Durante el mes de diciembre es tradición para algunos negocios obsequiar almanaques a sus clientes: ferreterías, gasolineras, talabarterías, peleterías, farmacias, restaurantes y hasta surtidoras de abarrotes recurren casi siempre a fotografías de motivos trillados que pueden incluir ya sea arreglos florales, bodegones con comida, niñas y niños rubios o paisajes alpinos mostrando manantiales y cascadas que lucen tan ajenos, lejanos e imposibles como el jardín del Edén.
Pero nada como los almanaques que dan en las aceiteras, los pinchazos y los talleres mecánicos para despacharlo a uno con tremendas chavotas de destacados bultos, escasa ropa, atrevida mirada y complaciente sonrisa. A este tipo de almanaques-calendarios yo les llamo, más bien, calentarios.

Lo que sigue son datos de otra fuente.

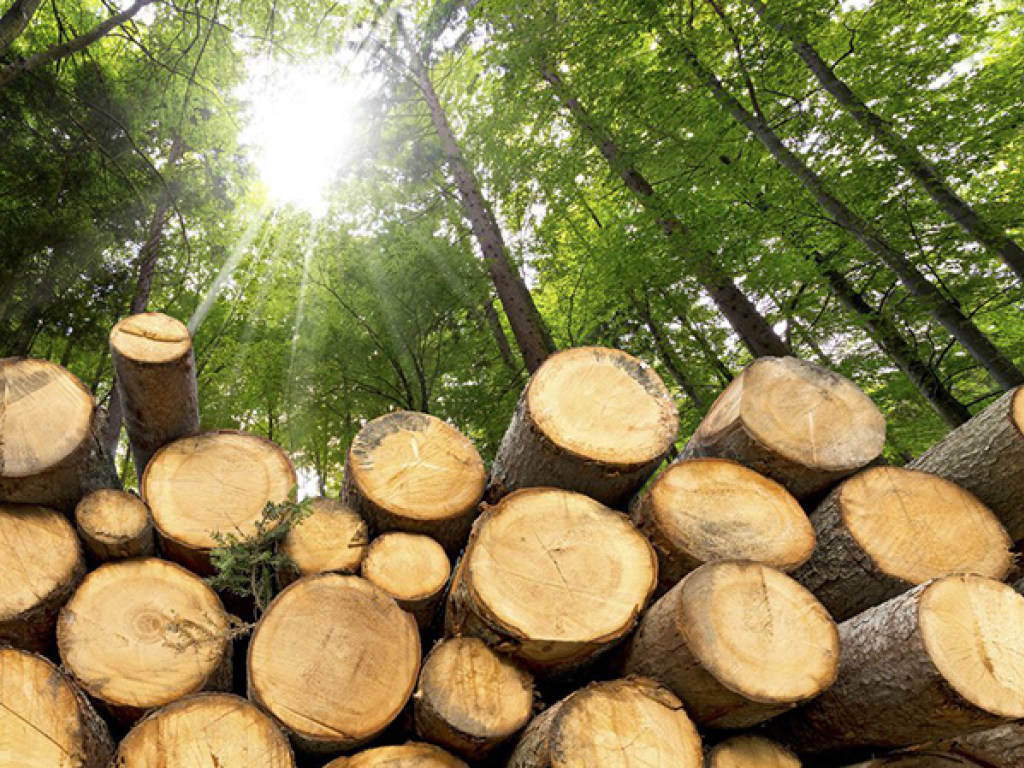 «Дрова» без моратория: Банковая узаконила контрабанду леса в ЕС ради одного миллиарда евро к выборам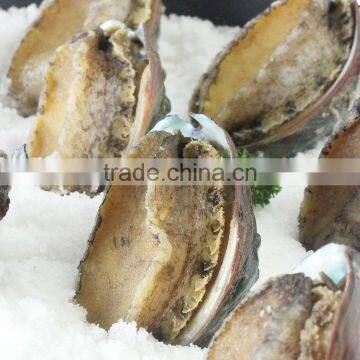 Frozen seafood exporter 100% natural frozen abalone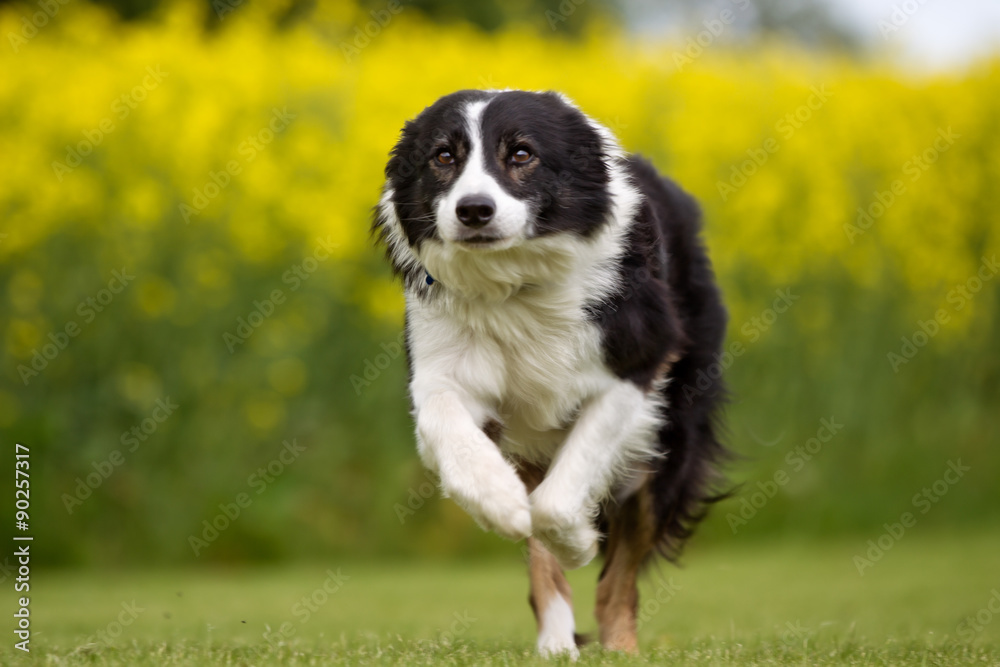 Fototapeta premium Border collie dog outdoors in nature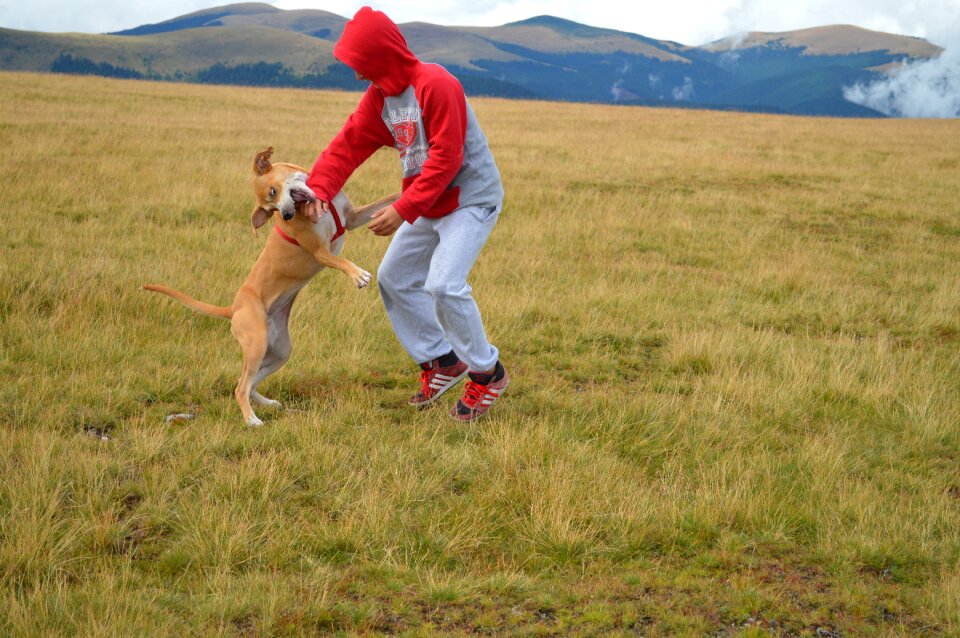 Dog outdoor mountain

A veces llegamos a acumular demasiados de ellos. Tantos, que ya no sabe uno donde colocarlos, ante lo cual queda siempre la posibilidad de sacarles raja como atractivos forros para los cuadernos, o como pósters que se cuelgan en la pared ya sin el estorbo de las hojas que marcan el paso de los días, las semanas y los ciclos lunares.
Entonces nos sorprendemos atesorando aquellas fotos a todo color como si fueran únicas en su género, talvez porque en el fondo sí nos resultan algo exótico, fuera de lo normal, igual de lejano que las niñas y niños rubios, igual de ajeno que los manantiales y cascadas de los paisajes alpinos e igual de imposibles que el sueño de recobrar el paraíso perdido.
Las feministas nos recuerdan que, al consumir estas imágenes, estamos haciendo de la mujer una mercancía y de su cuerpo un objeto de deseo. Caro paga uno la ofensa por abrazar fantasías eróticas; después de soñar con un pedazo de papel, las mujeres de carne y hueso que vemos a nuestro alrededor ya no nos estimulan lo mismo que antes...
...a menos que tengan las mismas medidas.